REQUIRED WORK:
From the first line of the material below through the line containing "Used CHANGAN OSHAN", print every line exactly as it stands, but no pictures.

DATA FOR REVIEW:
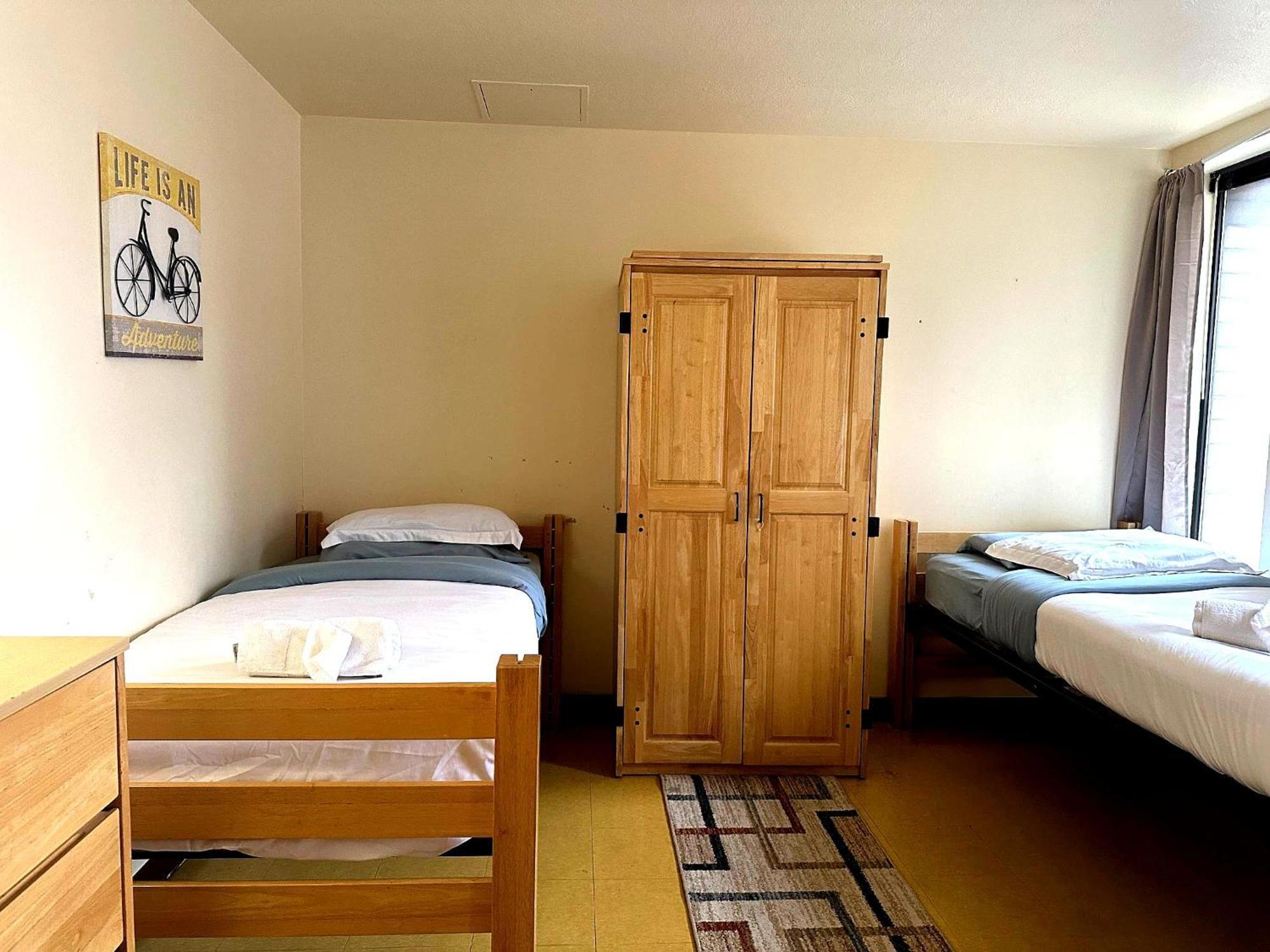 Stay Pittsburgh Hostel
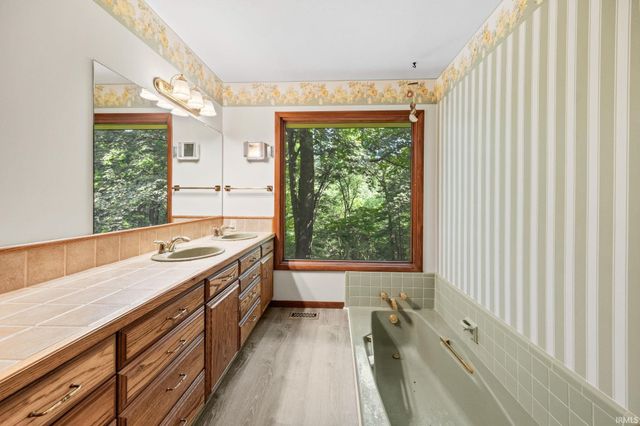 7190 Robert Ross Lane, West Lafayette, IN 47906
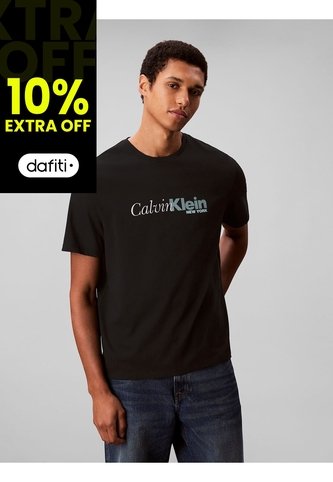 Camiseta Negra Con Estampado Gráfico De Logo En Letra Cursiva Calvin Klein Calvin Klein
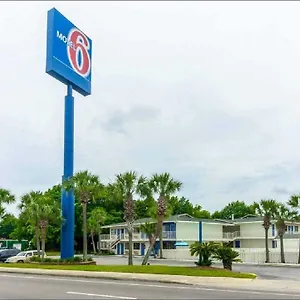 6 - West Motel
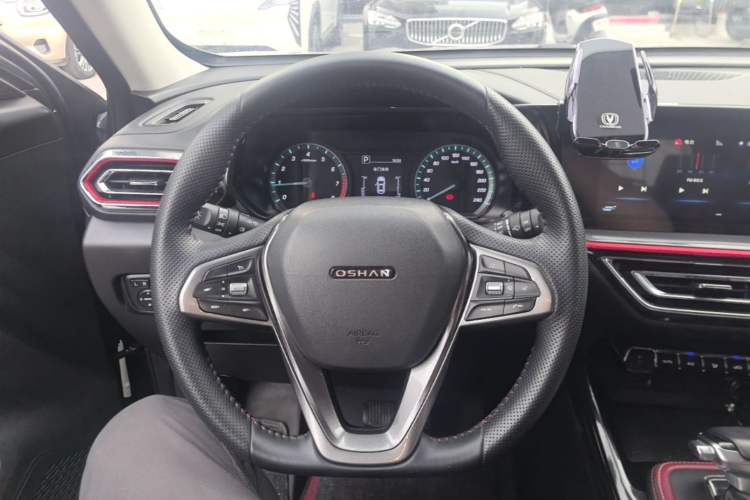 Used CHANGAN OSHAN X5 2021 Revised Version 1.5T DCT Luxury Edition Steering Wheel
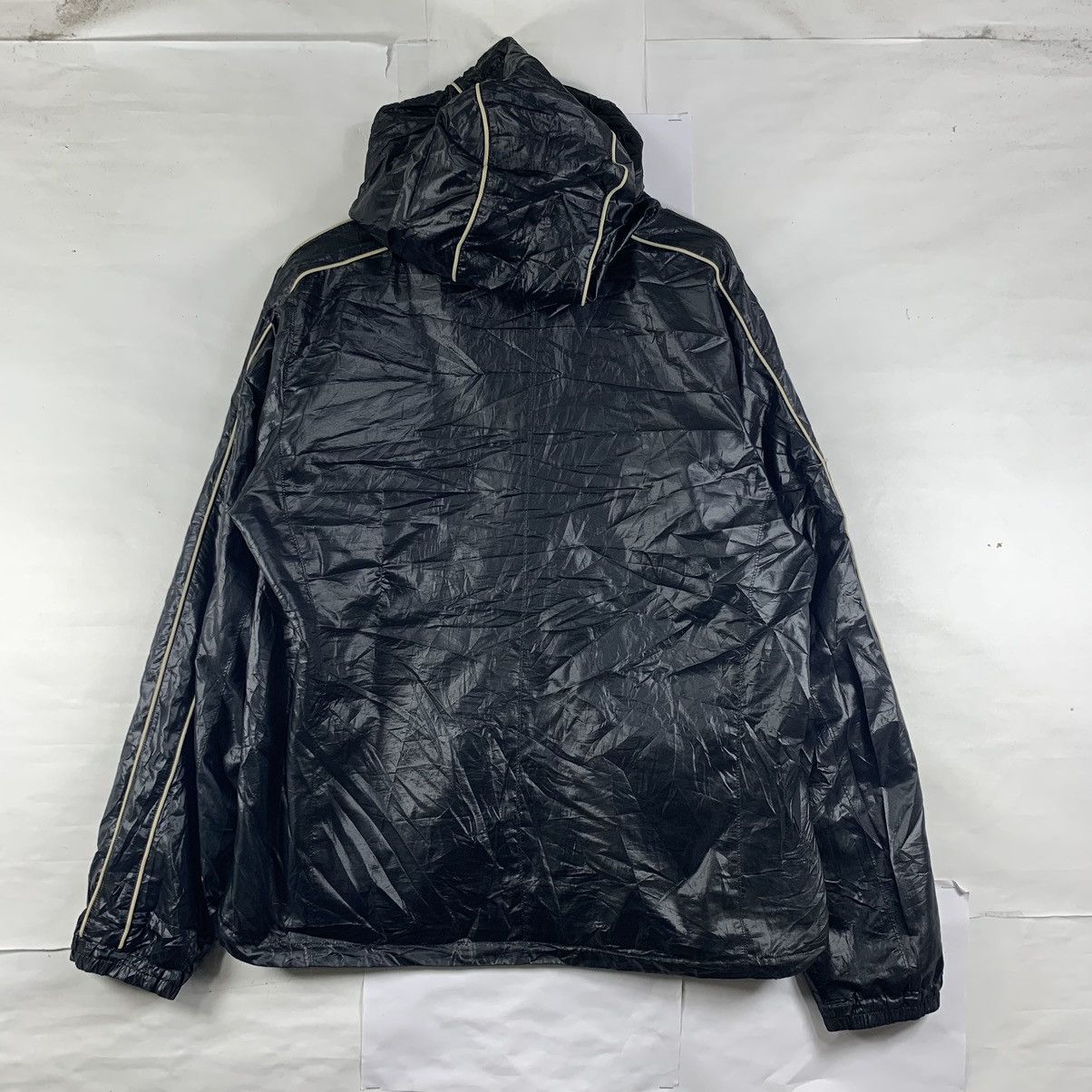 Uniqlo Windbreaker Hoodie Zipper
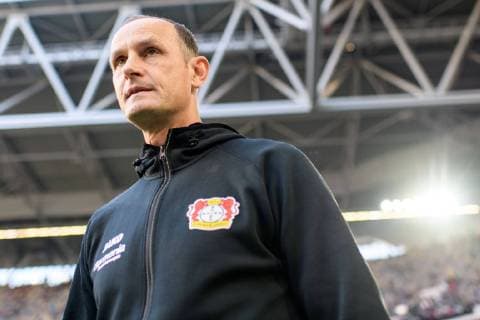 Fortuna Düsseldorf vs Bayer 04 Leverkusen, Fussball Bundesliga, 26.09.2018 Trainer Heiko Herrlich (Bayer 04 Leverkusen) beim Bundesligaspiel zwischen Fortuna Düsseldorf und Bayer 04 Leverkusen am 26.09.2018 DFL regulations prohibit any use of photographs as image sequences and or quasi-video. , Düsseldorf NRW Deutschland Merkur Spiel-Arena *** Fortuna Dusseldorf vs Bayer 04 Leverkusen Football Bundesliga 26 09 2018 Coach Heiko Herrlich Bayer 04 Leverkusen at Bundesliga match between Fortuna Dusseldorf and Bayer 04 Leverkusen on 26 09 2018 DFL regulations Dusseldorf NRW Germany Merkur Spiel Arena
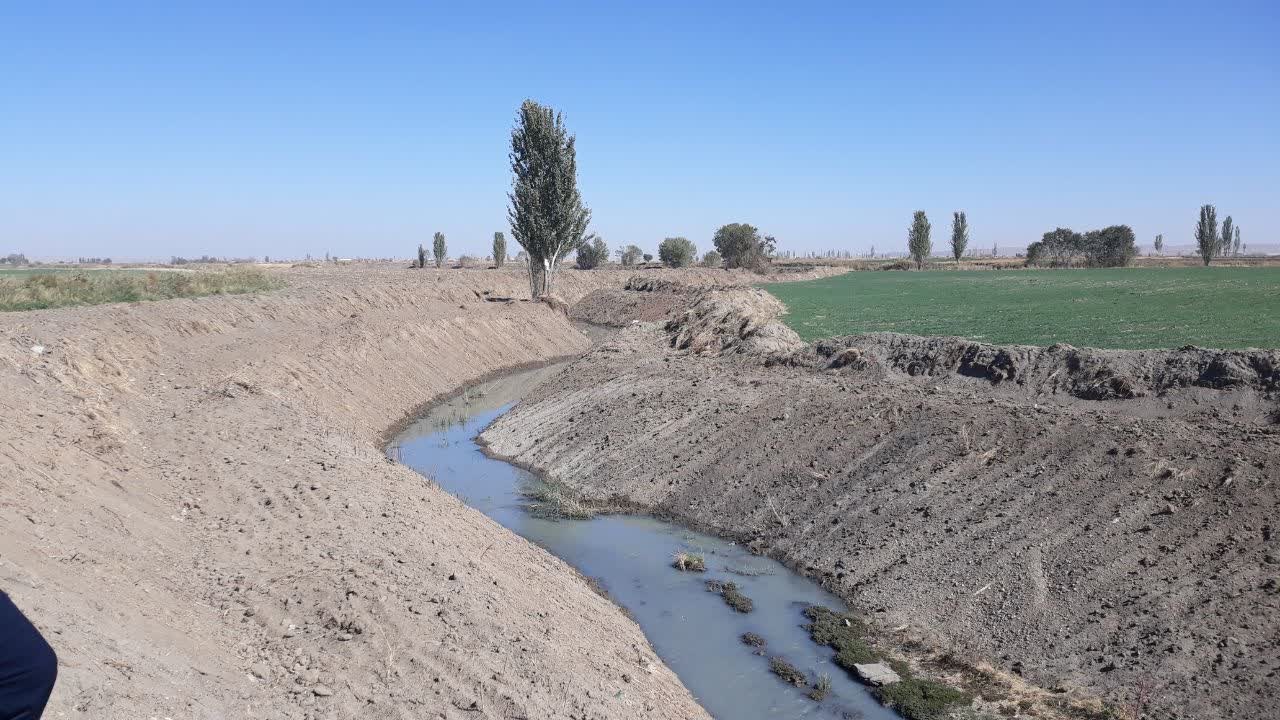 لایروبی 1500 متر از رودخانه‌های شهرستان بهار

EXERCISE SOLUTION:
 Stay Pittsburgh Hostel
 7190 Robert Ross Lane, West Lafayette, IN 47906
 Camiseta Negra Con Estampado Gráfico De Logo En Letra Cursiva Calvin Klein Calvin Klein
 6 - West Motel
 Used CHANGAN OSHAN X5 2021 Revised Version 1.5T DCT Luxury Edition Steering Wheel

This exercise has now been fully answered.